• Work to be completed
Each entry that follows should be given again word for word; please leave out its pictures.

Dataset START

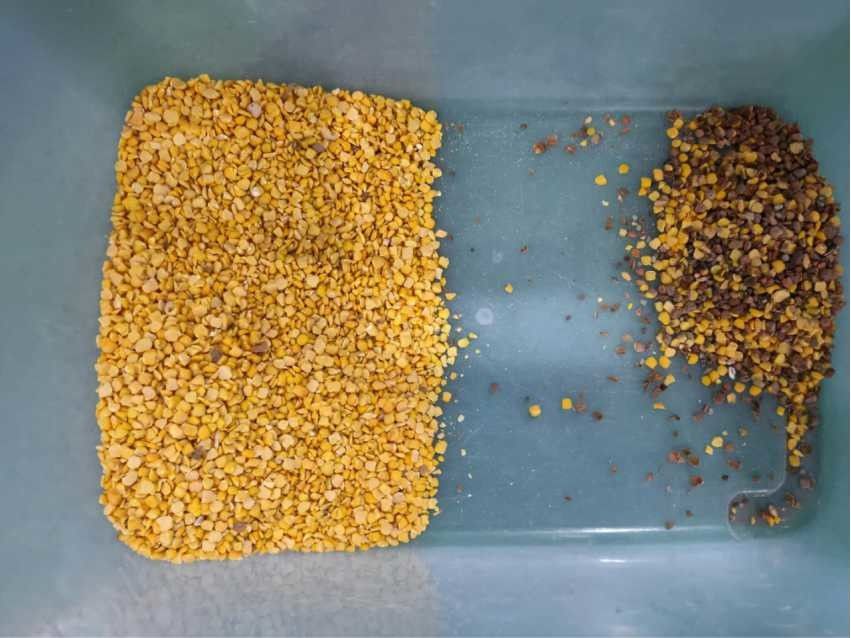 Yellow Lentils Beans Color Sorter Taiwan Meanwell Power Source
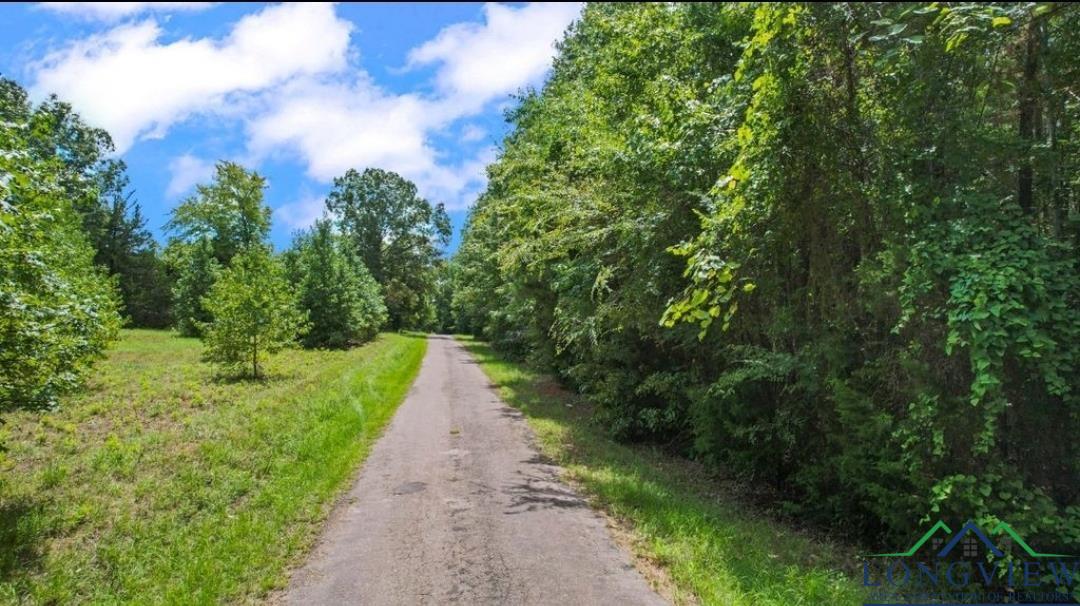 TBD Cr 4114, Hughes Springs, Texas image 3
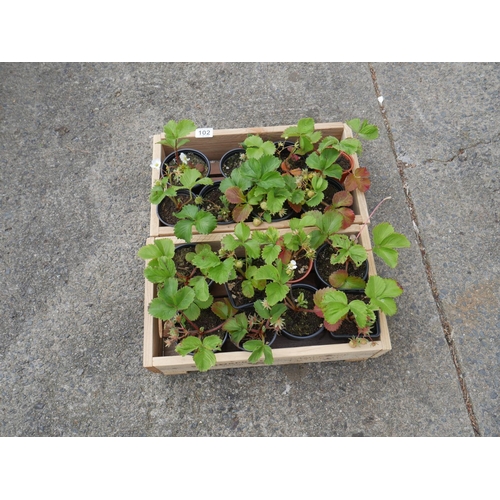 102 - STRAWBERRY PLANTS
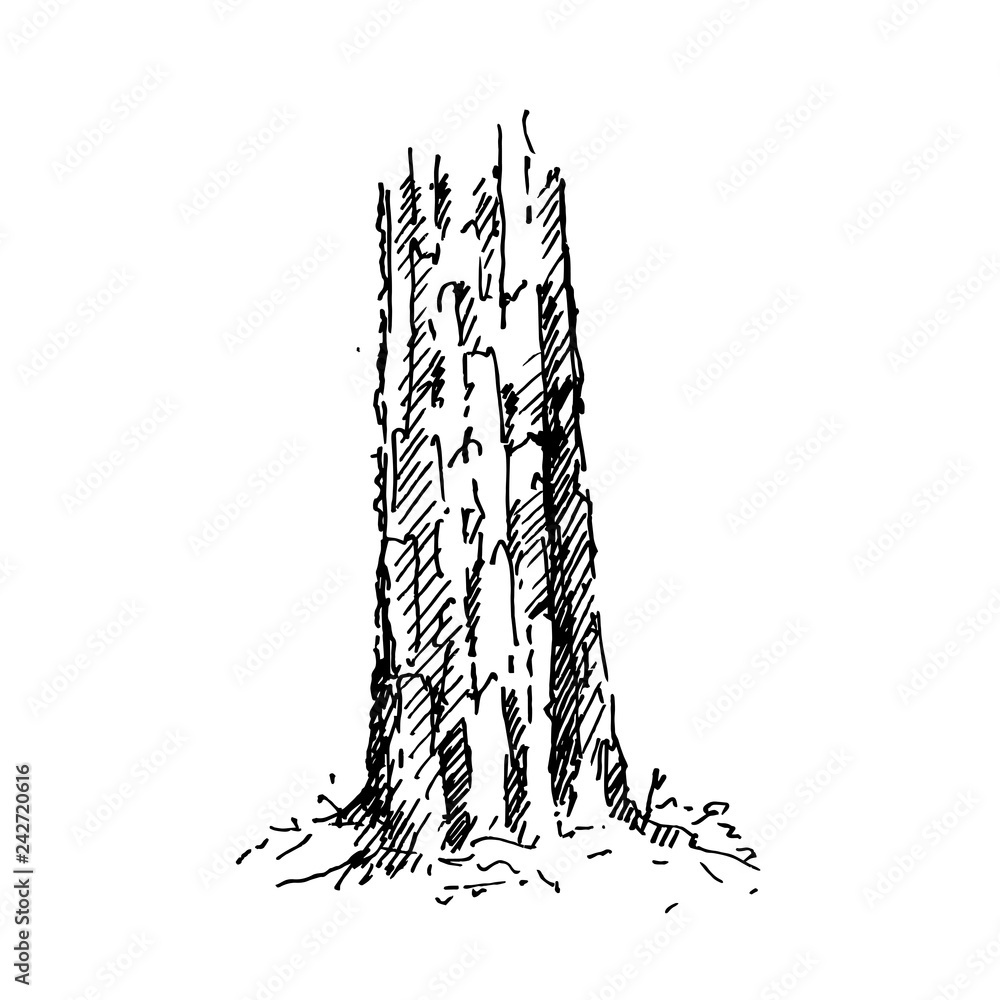 Hand drawn tree stump. Vector illustration. Hand drawn tree stump. Vector illustration.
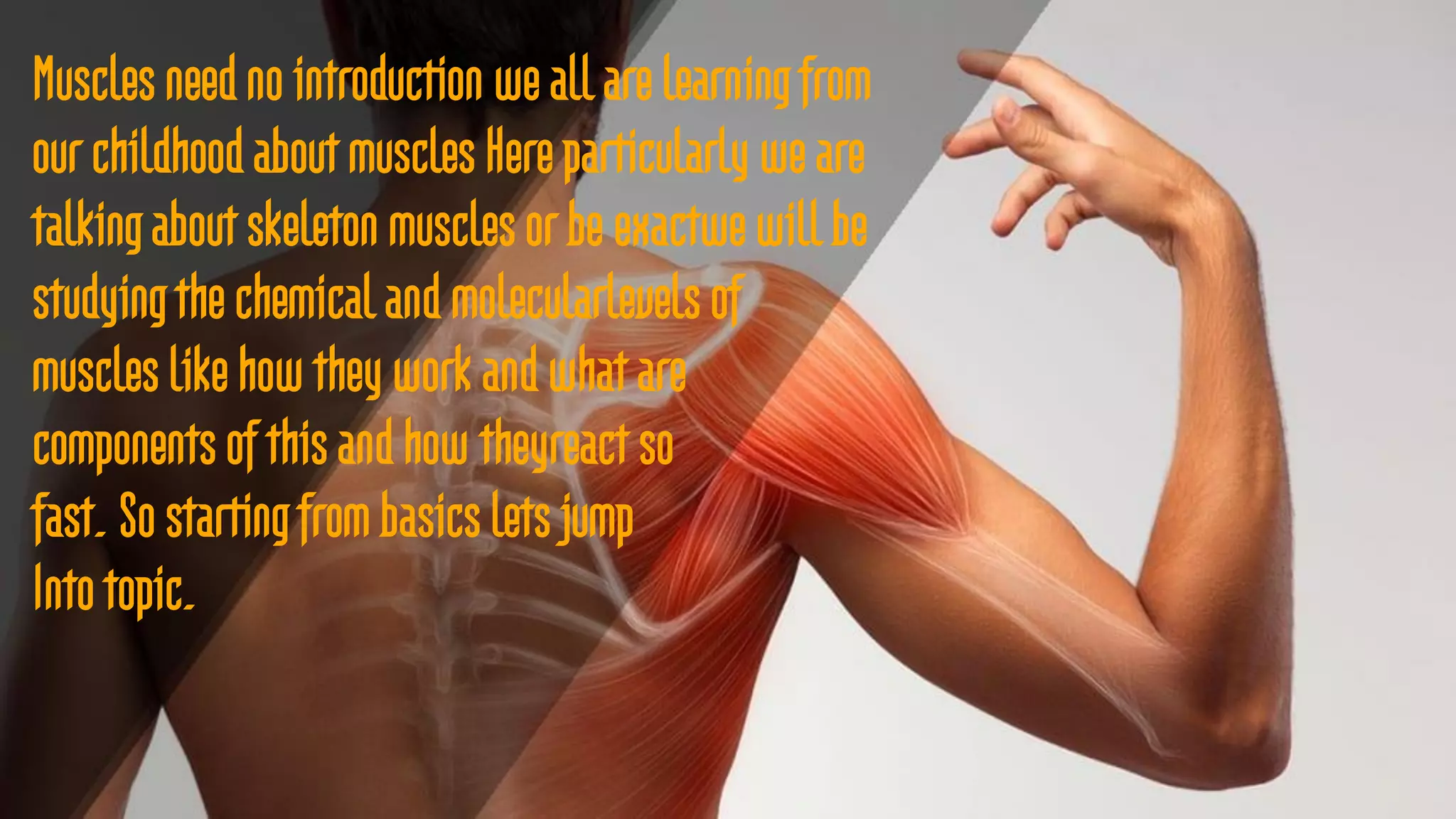 Muscles need no introduction we all are learning from
our childhood about muscles Here particularly we are
talking about skeleton muscles or be exactwe will be
studying the chemical and molecularlevels of
muscles like how they work and what are
components of this and how theyreact so
fast. So starting from basics lets jump
Into topic.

Dataset END

• Answer to this task
 Yellow Lentils Beans Color Sorter Taiwan Meanwell Power Source
 TBD Cr 4114, Hughes Springs, Texas image 3
 102 - STRAWBERRY PLANTS
 Hand drawn tree stump. Vector illustration. Hand drawn tree stump. Vector illustration.
 Muscles need no introduction we all are learning from
our childhood about muscles Here particularly we are
talking about skeleton muscles or be exactwe will be
studying the chemical and molecularlevels of
muscles like how they work and what are
components of this and how theyreact so
fast. So starting from basics lets jump
Into topic.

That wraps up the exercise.